Not for the first time, Jason Rezaian looks like a pawn in Iran's domestic power struggle over the nuclear deal.|

This editorial is from the Washington Post:

We're guessing it's not a coincidence that the latest, disturbing report about Jason Rezaian, the Washington Post's unjustly imprisoned correspondent in Iran, comes just after the government of Hassan Rouhani accepted a preliminary accord on the country's nuclear program. On Sunday, the Fars news agency, which is believed to be close to Iran's Revolutionary Guard Corps, issued a dispatch saying that Rezaian faced charges of 'espionage' and 'acting against national security.' It went on to sketch a case against the reporter that would be laughable were it not being used to justify an outrageous human rights abuse.

Not for the first time, Rezaian looks like a pawn in Iran's domestic power struggle over the nuclear deal.

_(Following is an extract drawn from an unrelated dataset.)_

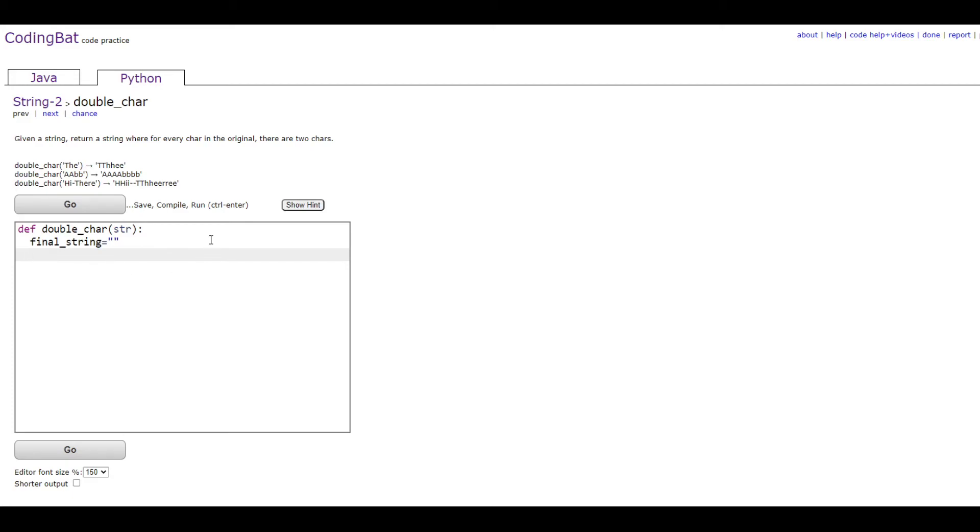Then you're going to want to make a for loop so you can do for _ in str colon. You're going to go through every character in the str string.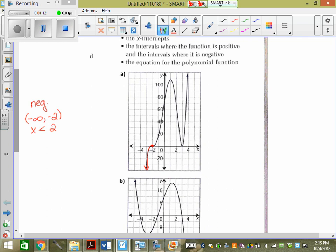Now where is this graph positive? A lot of people tell me when x is greater than negative 2, but that's not true. Is it positive at 3? It's literally ground level — if you treat this as ground level, that point is on the ground. So it's neither positive nor negative. You can't just say when x is greater than negative 2, because that would mean this whole graph to the right of negative 2 is positive, but it's not at 3. So we actually have to split it up.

That makes it all the more urgent that Rouhani demonstrate his ability to control his opposition by arranging Rezaian's immediate release.

Rezaian, who was born and raised in California and once worked in his father's carpet store in Petaluma, had been jailed for 265 days as of Monday — far longer than any Western journalist previously detained in Iran. In violation of Iranian law, he still has not been brought to trial, and prosecutors have never officially reported the charges against him. He was denied the lawyer chosen by his family, and his court-approved attorney has not yet met with him.

Rezaian's family and experts on Iran have been saying for some time that the delay and lack of transparency in the legal process likely reflect the fact that prosecutors have no plausible case against him and have been stalling while attempting to concoct one. The Fars report lends credence to that view. It claims that the 39-year-old journalist sold 'economic and industrial information' to unidentified Americans. It then devolves into a long account of Rezaian's relationships with exiled Iranian journalists and human rights activists. It cites as somehow significant the fact that two of them attended the 2011 funeral of Rezaian's father — as if that could have had anything to do with espionage.

One of those journalists, Omid Memarian, told the Washington Post's Carol Morello that members of the judiciary are attempting to undermine Rouhani by impugning his nephew, who is in charge of his media operation. A critic of Rouhani claimed in February that Rezaian had 'penetrated' the president's office. This, too, makes little sense.

What's clear is that Rezaian continues to be held in Tehran's notorious Evin Prison long after Rouhani's foreign minister, Mohammad Javad Zarif, described him as 'a good reporter' and expressed the hope that 'he will be cleared in a court of law.'

Again the question arises: If Rouhani and his foreign minister cannot stop the persecution of an American journalist they know to be innocent, can they be counted on to deliver on the commitments they made in the nuclear talks?